In case you were wondering whether or not people were still making games to cash in on Puzzle Quest‘s success a few years back, the answer is yes. Although Herofy doesn’t play very much like Puzzle Quest, it’s still a match-3 puzzle game that goes far out of its way to add a veneer of RPG to the proceedings. While your character doesn’t level up of have stats, you do buy power-ups from a shop, defeat enemies, and collect trophies you can store in your in-game cottage. Herofy just puts more of emphasis on the puzzle gaming part of the RPG puzzler equation.

Herofy can be played timed or untimed, though if you play the game untimed you effectively can’t lose. Each level has a differently shaped board containing the player’s hero character and a door. The hero drops down whenever tiles underneath him or her are eliminated in a match. So to get your hero to the door, you need to use the arrows in the upper corners of the screen to spin the board around. This changes which way is down and makes it possible to guide your hero to the exit.

Herofy

Most levels require the player to meet certain goals in addition to simply moving the hero to the door, which the game expresses by locking the door and forcing you to do things until you get the key. The simplest levels will put treasure chests in the level that you open by guiding your hero toward them. At least one of the chests will have a key that unlocks the door, while the others have gold coins you can spend on power-ups. Other levels have a purple background for certain tiles (but usually all of them) that the hero must eliminate with matches in order to unlock the door.
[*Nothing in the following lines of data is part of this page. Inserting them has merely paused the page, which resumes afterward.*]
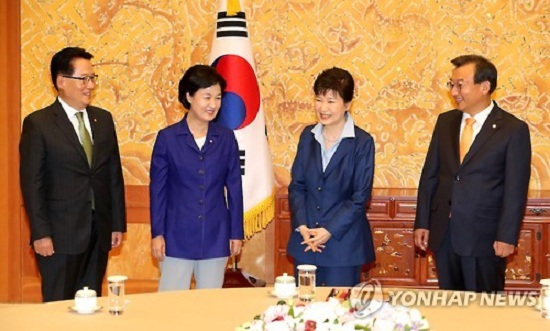 Căng thẳng chính trị, Tổng thống Hàn Quốc hội đàm với đảng đối lập - Ảnh 1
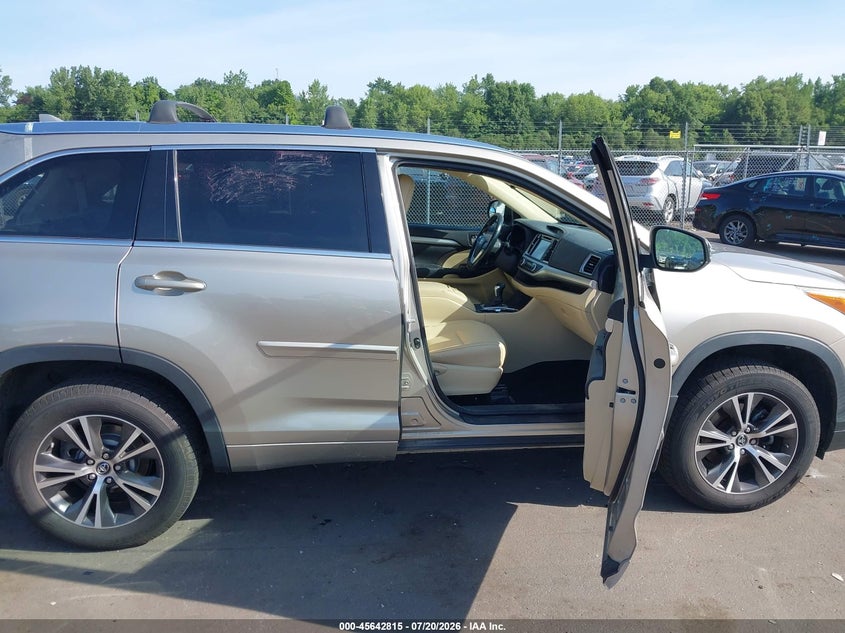 2016 TOYOTA HIGHLANDER auction photo 5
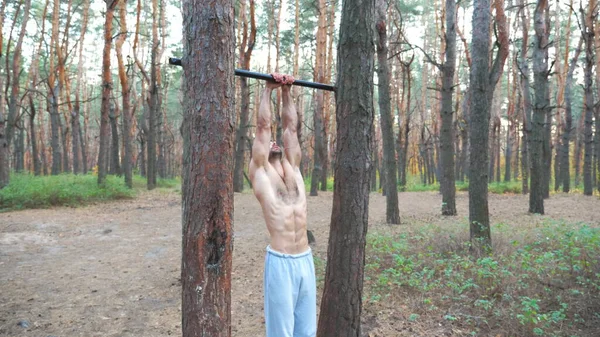 Hombre Atlético Entrenando Los Músculos Del Abdomen Levantando Cuerpo Barra —  Fotos de Stock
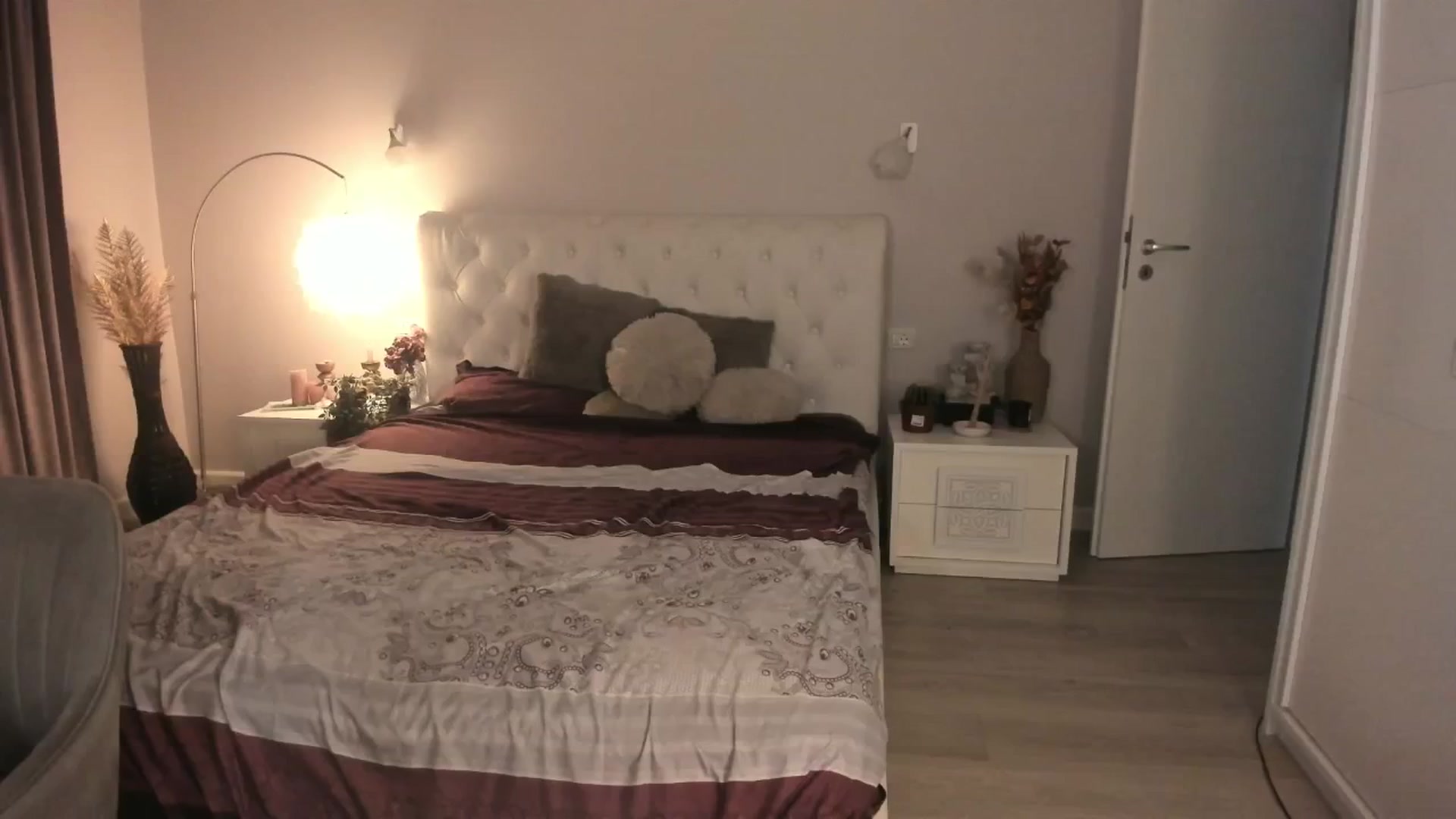 Gallery image thumbnail from Angieerosee's myfreecams stream on, 07/18/2025, 20:23 image 3 of 20
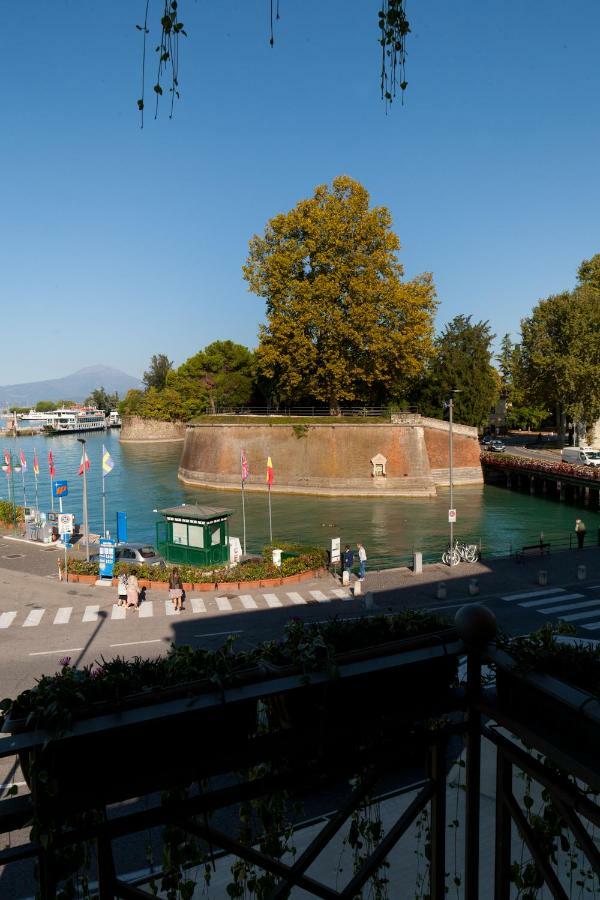 Relais Al Porto Hotel Peschiera del Garda Buitenkant foto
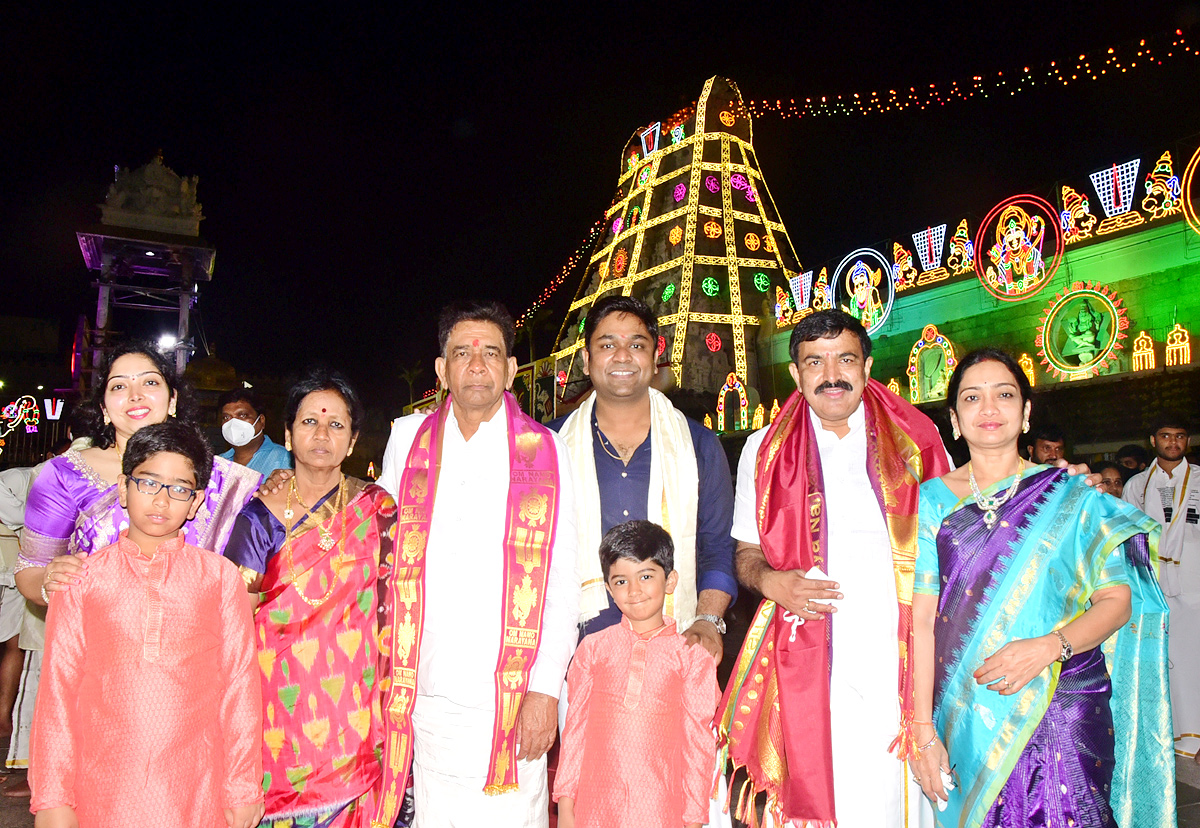 VIPs Visits Tirumala Temple On the Eve of Vaikunta Ekadashi - Sakshi40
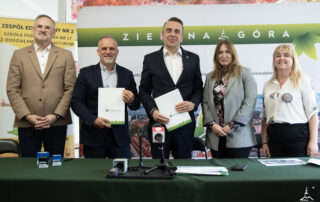 Podpisanie umowy na termomodernizację SP nr 17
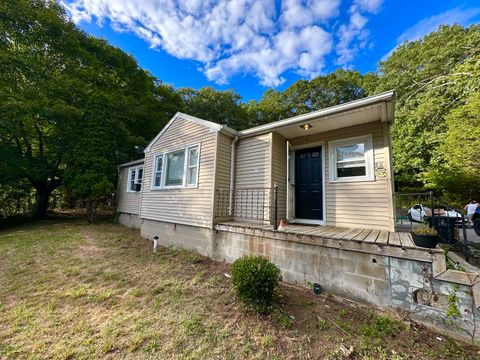 Photo of 60 Fort Shantok Road, Montville, CT 06382 (MLS # 24133440)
Enemies sometimes appear in Herofy levels, effectively acting as obstacles. You can eliminate the enemies by dropping your hero directly onto them from above. If your hero ever occupies an adjacent square to the right, left, or bottom of the enemy, it attacks you and wipes out the meter you spend in order to use power-ups. You never have to kill enemies to advance save in the last level, where you must defeat the game’s teleporting boss. That said, it’s usually a good idea to beat them since their presence changes the way tiles drop in inconvenient ways.

Where Herofy falls apart is in the difficulty curve, which just doesn’t make any sense at all. Once you’re out of the game’s tutorial, there’s no real logic behind when levels are easy or hardy to complete within the time limit. There are eight power-ups to buy and you can equip up to four, but the cheapest of them is the only one that you’ll find yourself using regularly. While match-3 games are to some extent usually meant to be relaxing, Herofy is so repetitive it eventually becomes tedious.